KCL Unison strike against bosses who ‘don’t lobby for more funding’

by Aysha, Unison member

Unison members at King’s College London voted by 89% to strike. The first two days of strike action took place on 10-11 March, and a further two days on 25-26 March.

The annual pay award for higher education institutions is negotiated with UCEA (the University and Colleges Employers Association), which stated in 2025 that the pay award of 1.4% was to ‘work towards a resolution in … a struggling sector’.

Unison strikers at Kings College London
Unison strikers at Kings College London
Photo: London SP

The crisis in higher education has manifested faster and more aggressively than university bosses had anticipated, and the subsequent scramble that we are now seeing has the largest impact on the institutions’ workers and fee-paying students.

The announcement that Edinburgh University (ranked fifth in the UK) would be making over £140 million in cuts, resulting in up to 1,800 job losses, sent shockwaves across the sector, that a major Russell Group institution could be in such financial crisis.

In September 2025, the announcement of Greenwich and Kent University merging to form a ‘super-university’ was marketed as a success but is a clear indicator of Kent floundering, and will undoubtably result in significant losses of jobs and student provision.

King’s College London has just completed its new strategy development process, which recognises its dependence on international students to prop up its finances, and plans to improve ‘efficiency’ through reducing non-academic costs.

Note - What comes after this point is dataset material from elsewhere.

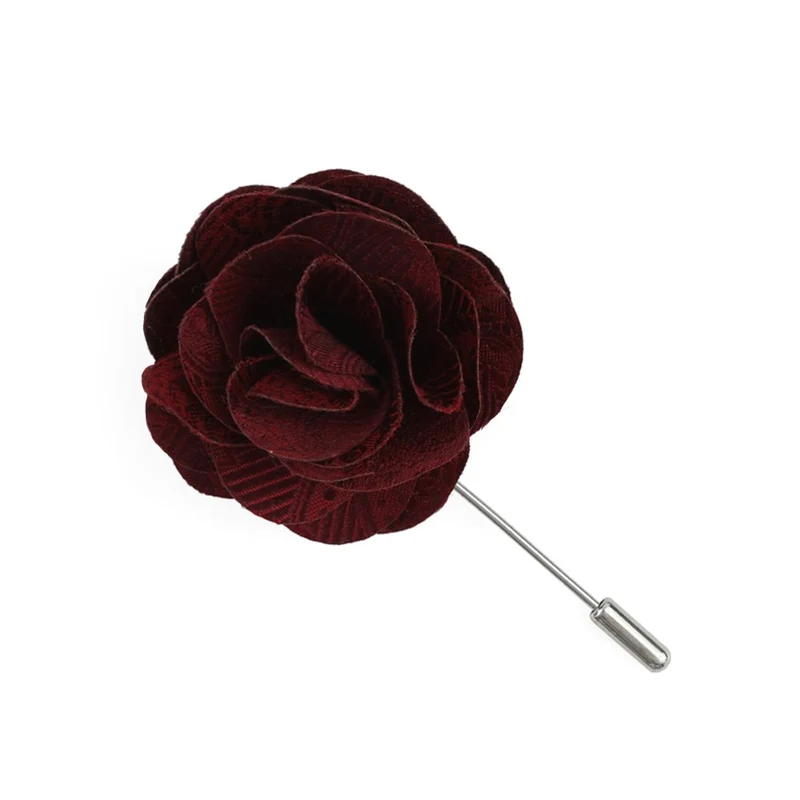 Twill Paisley Burgundy Lapel Flower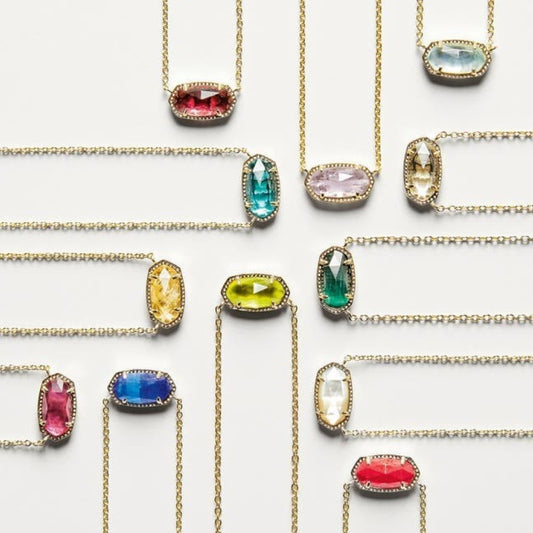 Natural Stone Birthstone Necklace – 12 Birthstone Options for Women & Girls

This will have the largest impact on professional services staff, but no communication suggested that this would mean real-terms reductions in pay.

King’s leaders have accepted UCEA’s 1.4% pay award across all grades, while inflation — before the Middle East war — sat at 3%, despite their own recognition of their significantly more favourable financial position. It shows their understanding of their economic vulnerability, and a willingness to let the staff pay for it, while doing nothing to lobby or pressure for more funding from the government.

The atmosphere on the picket line was hugely positive, with workers from all sections of the university turning out to support one another. King’s employs a significant number of BAME staff, almost 30%, who are massively overrepresented at the lowest grades which will be most impacted by this pay award.

There was large representation from cleaning and security staff on the picket line. Security staff have been campaigning to have stools and seating returned to them, after King’s leadership made the decision to remove seating for staff who often work 12-hour shifts, in favour of what they deemed to be a more ‘professional’ appearance!

And the same can be said for the pay award — sneaking through a pay cut wrapped up in the suspiciously horse-shaped packaging of a ‘pay-award’ will only lose King’s the support of its staff, who are essential for the delivery of services to our students.

Fighting these changes now gives us the confidence to fight against any and all changes that King’s leaders hope to implement under the guise of ‘efficiency’, sacrificing staff while never making a sacrifice of their own, despite earning up to 16 times that of their employees.